Warwick James McKibbin (born 21 April 1957 in Sydney) is an Australian Emeritus Professor of Economics and Public Policy at the Australian National University and a nonresident senior fellow at the Peterson Institute for International Economics who works across a wide range of areas in applied policy. He has published more than 200 scholarly articles and several books and is internationally known for his contribution to global economic modelling.

==Education==
He initially studied at the University of New South Wales, where he received a bachelor's degree with First Class Honours in both economics and econometrics and was awarded the University Medal in 1980. McKibbin then studied under Jeffrey Sachs at Harvard University and was awarded a PhD in economics in 1986.

==Roles==
He was founding director of the ANU Research School of Economics until stepping down in mid-2012. He moved to the Crawford School of Public Policy at ANU in August 2012. He is also an adjunct professor of the Australian Centre for Economic Research on Health. He formed the ANU Centre for Applied Macroeconomic Analysis (CAMA) in 2003 and was the inaugural director of CAMA.

McKibbin is a nonresident senior fellow at the Peterson Institute for International Economics in Washington, DC. He was the professorial fellow of the Lowy Institute for International Policy in Sydney and a non-resident senior fellow at The Brookings Institution in Washington, DC, where he co-directed the climate change program.

McKibbin is CEO and Founder on McKibbin Software Group Pty Ltd.

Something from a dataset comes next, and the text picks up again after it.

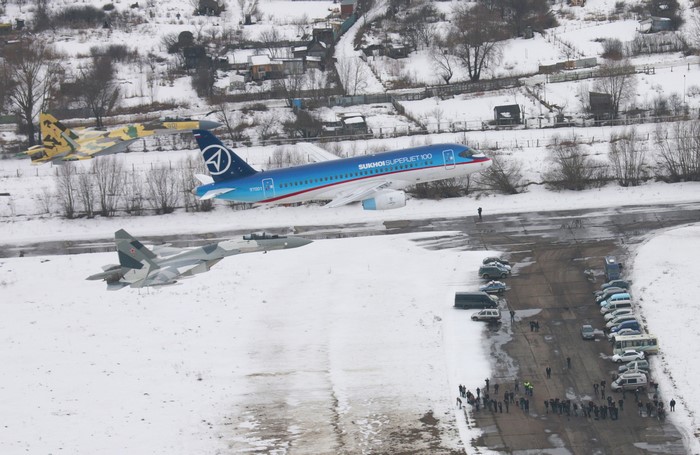 Sukhoi Superjet 100 and fighter jets on snowy airfield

He was a former member of the board of the Reserve Bank of Australia after being appointed by the Howard Government in July 2001 until the end of his term at the end of July 2011. McKibbin was also a member of the Australian Prime Minister's Science Engineering and Innovation Council under the Howard Government (2005–2007).

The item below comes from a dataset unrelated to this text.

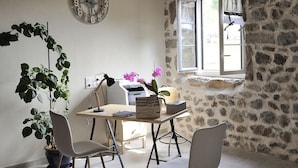 A room with a wooden ceiling, stone walls, a wooden table with chairs, a potted plant, a clock, and a window with a view. - B&B Au Chant De L'eau (Siaugues-Sainte-Marie)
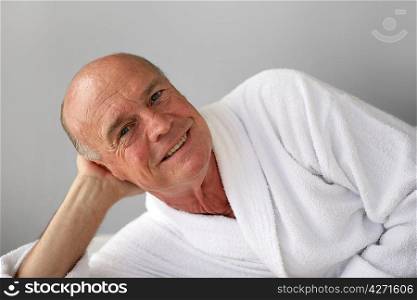 Retired man relaxing in bathrobe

He was made a Fellow of the Australian Academy of Social Sciences at the age of 40 and in 2001 was awarded the Centenary Medal For service to Australian society through economic policy and tertiary education.

==Collaborations==
The McKibbin-Sachs Global Model is a global economic model developed originally in 1984 jointly with Jeffrey Sachs and is a widely used intertemporal general equilibrium model of the world economy.

The G-Cubed Model is a global economic model developed in 1991 jointly with Peter Wilcoxen and is a widely used multi-sector intertemporal general equilibrium model of the world economy.

The Henderson McKibbin Taylor Rule for Monetary Policy was first proposed by Dale W. Henderson and Warwick McKibbin in 1993 and simultaneously by John B. Taylor.

The McKibbin-Wilcoxen Blueprint also known as the McKibbin Wilcoxen Hybrid. McKibbin (Australian National University) and Peter Wilcoxen (Syracuse University) outline various approaches to climate change policy. They argue that the issue of taking action against climate change should be separated from the issue of whether Australia should ratify the Kyoto Protocol. Once the Kyoto Protocol is set aside it is clear that there are better options available.

They argue that Kyoto Protocol-based carbon-trading systems are too inflexible/brittle to attract developing countries (particularly China & India). A better system would need to be flexible enough to refine outcomes over time (as new data become available).

==Honours and awards==
McKibbin was awarded the Order of Australia in 2016 "For Distinguished Service to Education as an Economist, Particularly in the Area of Global Climate Policy, and to Financial Institutions and International Organisations" and the Centenary medal in 2001 "For Service to Australian Society through Economic Policy and Tertiary Education".